Depuis août 2019, date à laquelle le statut spécial du Jammu-et-Cachemire a été arbitrairement révoqué, les médias sont de plus en plus harcelés. Des journalistes sont arrêtés, des médias sont fermés et l’autocensure est devenue omniprésente. Dans une autre affaire emblématique, le 29 février 2024, le journaliste Asif Sultan a été de nouveau arrêté par la police du Jammu-et-Cachemire peu après avoir été libéré et avoir passé cinq ans en détention en vertu de l’UAPA et de la loi sur la sécurité publique du Jammu-et-Cachemire. Les journalistes cachemiris sont également confrontés à des interdictions de voyager et à la révocation de leur passeport par les autorités indiennes. Par conséquent, le flux d’informations en provenance du Cachemire — en particulier sur les violations des droits humains — est sévèrement limité.
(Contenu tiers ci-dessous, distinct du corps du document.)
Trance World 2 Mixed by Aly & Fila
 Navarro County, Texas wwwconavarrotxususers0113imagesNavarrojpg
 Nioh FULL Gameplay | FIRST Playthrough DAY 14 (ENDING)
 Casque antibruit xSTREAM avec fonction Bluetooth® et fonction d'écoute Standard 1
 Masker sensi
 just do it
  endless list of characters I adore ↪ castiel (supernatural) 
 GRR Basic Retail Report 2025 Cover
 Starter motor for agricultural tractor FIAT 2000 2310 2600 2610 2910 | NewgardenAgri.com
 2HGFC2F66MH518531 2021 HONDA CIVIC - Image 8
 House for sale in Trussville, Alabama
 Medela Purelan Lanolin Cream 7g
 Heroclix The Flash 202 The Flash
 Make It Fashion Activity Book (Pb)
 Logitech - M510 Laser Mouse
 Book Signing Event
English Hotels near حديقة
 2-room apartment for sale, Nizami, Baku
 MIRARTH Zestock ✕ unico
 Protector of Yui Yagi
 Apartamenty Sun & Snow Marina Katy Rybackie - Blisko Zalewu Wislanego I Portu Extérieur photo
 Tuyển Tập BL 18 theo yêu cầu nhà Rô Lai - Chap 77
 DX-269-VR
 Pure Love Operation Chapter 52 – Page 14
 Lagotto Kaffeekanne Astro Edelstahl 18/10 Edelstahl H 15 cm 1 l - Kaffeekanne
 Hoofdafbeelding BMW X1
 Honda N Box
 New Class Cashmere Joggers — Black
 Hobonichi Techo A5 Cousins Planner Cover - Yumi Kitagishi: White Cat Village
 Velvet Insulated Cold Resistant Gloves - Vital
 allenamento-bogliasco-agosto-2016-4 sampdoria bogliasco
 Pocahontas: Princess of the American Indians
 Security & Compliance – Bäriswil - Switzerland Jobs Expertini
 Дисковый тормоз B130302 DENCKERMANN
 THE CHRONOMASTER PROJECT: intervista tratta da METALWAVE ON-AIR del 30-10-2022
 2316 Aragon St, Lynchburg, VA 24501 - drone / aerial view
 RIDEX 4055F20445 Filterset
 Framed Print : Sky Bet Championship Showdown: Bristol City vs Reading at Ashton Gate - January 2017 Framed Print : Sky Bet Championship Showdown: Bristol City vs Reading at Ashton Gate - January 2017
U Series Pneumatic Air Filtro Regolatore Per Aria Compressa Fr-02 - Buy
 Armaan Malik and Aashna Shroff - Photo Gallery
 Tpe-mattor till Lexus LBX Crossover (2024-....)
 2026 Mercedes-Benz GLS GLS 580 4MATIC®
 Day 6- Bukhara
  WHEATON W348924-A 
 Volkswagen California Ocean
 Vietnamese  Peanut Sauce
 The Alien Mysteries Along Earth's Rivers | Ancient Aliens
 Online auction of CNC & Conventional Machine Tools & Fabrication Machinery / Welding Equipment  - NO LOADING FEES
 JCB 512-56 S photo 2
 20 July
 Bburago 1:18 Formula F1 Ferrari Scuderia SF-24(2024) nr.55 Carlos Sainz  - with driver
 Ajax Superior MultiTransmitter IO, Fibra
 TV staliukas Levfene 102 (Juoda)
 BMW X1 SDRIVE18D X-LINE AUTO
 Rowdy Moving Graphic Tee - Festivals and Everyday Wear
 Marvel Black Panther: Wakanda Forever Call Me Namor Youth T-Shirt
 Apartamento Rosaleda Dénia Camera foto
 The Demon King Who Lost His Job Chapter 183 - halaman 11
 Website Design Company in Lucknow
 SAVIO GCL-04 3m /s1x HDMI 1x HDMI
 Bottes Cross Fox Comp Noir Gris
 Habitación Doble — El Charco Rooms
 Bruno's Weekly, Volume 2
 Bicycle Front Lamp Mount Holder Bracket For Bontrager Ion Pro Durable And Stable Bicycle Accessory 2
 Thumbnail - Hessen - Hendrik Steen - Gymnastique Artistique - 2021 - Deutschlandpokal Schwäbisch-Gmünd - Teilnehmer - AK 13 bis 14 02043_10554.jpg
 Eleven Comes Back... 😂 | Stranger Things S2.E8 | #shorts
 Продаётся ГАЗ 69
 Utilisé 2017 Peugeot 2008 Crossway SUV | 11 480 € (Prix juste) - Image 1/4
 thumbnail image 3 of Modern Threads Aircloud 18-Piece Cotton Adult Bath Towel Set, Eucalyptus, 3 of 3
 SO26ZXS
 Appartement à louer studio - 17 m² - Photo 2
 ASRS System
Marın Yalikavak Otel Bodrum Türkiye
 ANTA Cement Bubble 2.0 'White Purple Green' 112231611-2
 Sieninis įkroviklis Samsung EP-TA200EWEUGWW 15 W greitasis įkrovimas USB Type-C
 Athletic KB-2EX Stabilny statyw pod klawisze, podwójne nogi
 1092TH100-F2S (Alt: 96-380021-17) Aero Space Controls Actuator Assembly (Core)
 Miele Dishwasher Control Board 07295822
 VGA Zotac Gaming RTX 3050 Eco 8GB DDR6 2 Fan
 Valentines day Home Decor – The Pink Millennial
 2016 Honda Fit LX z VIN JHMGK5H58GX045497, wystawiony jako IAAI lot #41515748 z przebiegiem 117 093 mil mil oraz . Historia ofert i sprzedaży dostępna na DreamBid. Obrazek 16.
La détention arbitraire d’Irfan Mehraj est emblématique de la répression croissante des autorités indiennes contre les droits humains, y compris les droits à la liberté d’expression et d’association dans le Cachemire sous administration indienne. La détention d’Irfan Mehraj et Khurram Parvez a un effet dissuasif sur les autres défenseur⸱ses des droits humains et journalistes, ce qui permet aux violations graves et systémiques des droits humains de perdurer en toute impunité et avec un minimum de transparence.

Nos organisations appellent donc à la libération immédiate d’Irfan Mehraj et de Khurram Parvez et à la fin de toutes les représailles contre les défenseur⸱ses des droits humains et les journalistes au Cachemire. Nous demandons instamment aux autorités indiennes d’abroger ou de modifier l’UAPA pour la mettre en conformité avec les normes internationales en matière de droits humains et de mettre fin à la criminalisation des défenseur⸱ses des droits humains, des journalistes et de leur travail inestimable.

Nous appelons également les autorités indiennes à se conformer à leurs obligations internationales en matière de droits humains en respectant, protégeant, promouvant et réalisant les droits humains de chacun et en permettant à la société civile et aux médias d’opérer librement au Cachemire sous administration indienne et en Inde. De même, les autorités doivent s’abstenir d’attaquer les organisations intergouvernementales, y compris les rapporteurs spéciaux des Nations unies et les autres mécanismes de défense des droits humains. Ces entités devraient avoir un accès illimité au Cachemire administré par l’Inde et aux détenus cachemiris.

Signé :

Amnesty International

Asian Forum for Human Rights and Development (FORUM-ASIA)

Asian Federation Against Involuntary Disappearances (AFAD)

CIVICUS: World Alliance for Citizen Participation (Alliance mondiale pour la participation citoyenne)

Front Line Defenders

FIDH, la Fédération internationale des droits de l’homme, dans le cadre de l’Observatoire pour la protection des défenseur⸱ses des droits humains

Human Rights Watch

International Service for Human Rights (ISHR)

Kashmir Law and Justice Project

Martin Ennals Foundation

Organisation mondiale contre la torture (OMCT), dans le cadre de l’Observatoire pour la protection des défenseur⸱ses des droits humains

1 Khurram Parvez est secrétaire général adjoint de la Fédération internationale des droits de l’homme (FIDH), président de la Fédération asiatique contre les disparitions involontaires (AFAD) et lauréat du prix Martin Ennals 2022.